THE JOB HUNT Vernon Jordan admitted long ago that he had helped Lewinsky find a private-sector job; the issue is why, and at whose behest? The stories, as told so far, are consistent. Currie made the approach to Jordan, which allows Clinton to maintain that he was passive in the job hunt and yet invited Jordan to work aggressively on her behalf. Starr is certain to press Currie this week on who instigated the effort and when.

THE SEX Clinton has said from the start that they never had sex; Monica has told friends they had oral sex. The Post account repeated what had been known for weeks: that the lawyers deposing Clinton used a definition that included, by name, any touching of the genitals, groin, breasts, inner thigh or buttocks with the purpose to arouse or gratify. This broad definition is helpful to everyone who is likely to be called before the grand jury because it clarifies things: groping counts; kissing does not.

PIZZA NIGHT Clinton said in his deposition that Lewinsky and other interns brought him a pizza one evening during the government shutdown in November 1995. But a lawyer on the case has told TIME a different story: "It wasn't that there were a bunch of interns," says the attorney. "There was only one." And the FBI has pictures: it turns out there was a photographer around that night who was recording the stresses and strains of the shutdown and who has Monica coming to the rescue, pizza in hand. The date was Nov. 17, when all the regular staff had been sent home--and when, Lewinsky would later claim, the relationship began.

Should she decide to cooperate with Starr, Lewinsky may still be an unwitting ally of Clinton's. Even if Monica testified to a torrid Oval Office affair, says a White House insider, her credibility is now so ragged that it would be subject to reasonable doubt. The most senior cynics see an advantage here in the curious behavior of her lawyer, William Ginsburg: change her story often enough, and she becomes useless to Starr's case. She says in private she had sex, denies it in her affidavit, admits it in her proffer and then backs away from that. Which version will Monica offer Starr's grand jury, and what on earth would they be inclined to believe?

But before Starr and Ginsburg can get even that far, they must either make some peace or declare war. This is why they spent hours in front of a judge on Thursday trying to resolve the fate of an earlier immunity deal--and got nowhere. Ginsburg wants a full immunity blanket to protect his client from prosecution. Starr is playing very tough: far from being squeamish about prosecuting a 24-year-old, he may have to go to a criminal trial to get her to come clean.
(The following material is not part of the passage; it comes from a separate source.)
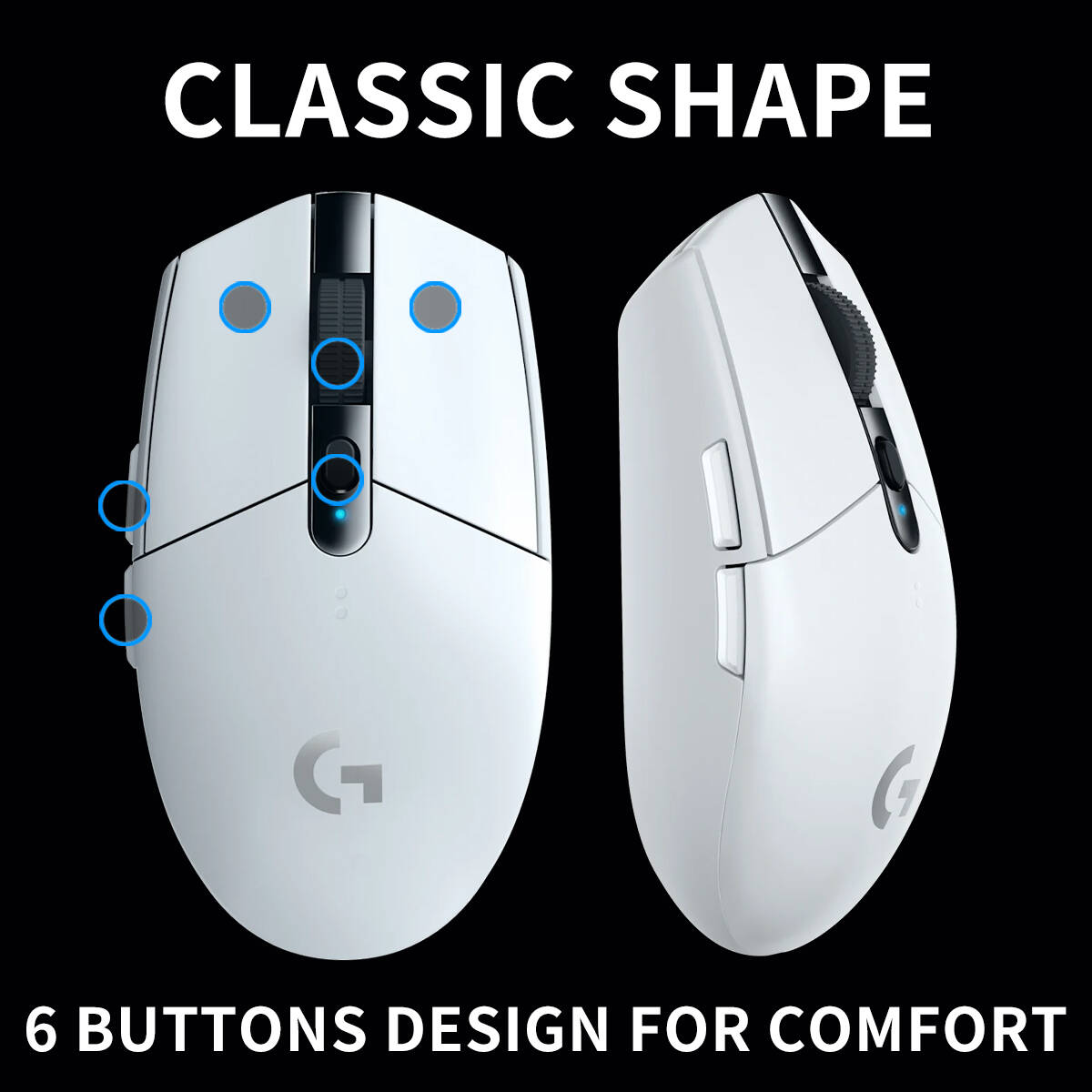 Mouse da Gaming Wireless Logit - Logitech Mouse G203 recensione e prezzo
As for the President, defense lawyers last week began to ask aloud whether Starr could, in his dreams, build anything better than a circumstantial case against him. The timing of the meetings and the headhunting and the subpoenas may look fishy, but if all parties deny any wicked intent, Starr can't do much with what's left. As one lawyer put it: "The President can say, 'I learned she was going to be a witness. I then asked Vernon to get her a job. But my purpose was not to affect her testimony.' The issue for Starr is going to be how circumstantial a case of obstruction can he take to trial." And it probably did not help any to have Senate G.O.P. leader Trent Lott declaring that Starr "has had enough time, and it's time to show us his cards."

Starr's fix bears a passing resemblance to that old game-theory staple, the prisoner's dilemma. In that game the suspects in a crime are isolated from one another and invited to cooperate. If they all stay quiet, they'll be O.K., but if anyone confesses, the others go to jail. Each prisoner then has to calculate his own odds by guessing at his accomplices' instincts for self-preservation.

There is, of course, one big difference: while Starr's witnesses cannot confer in this case, their lawyers can. And they are. Currie's lawyer is close to one of Clinton's. Another Clinton attorney, David Kendall, met with Ginsburg last Friday to discuss what Ginsburg described as "common legal issues and how we are going to handle them." Then there's the road map. And so Starr faces the very real possibility that just about everyone involved in the mysterious interrelationships of the President and the intern and the secretary and the headhunter may just deny any crime and walk away.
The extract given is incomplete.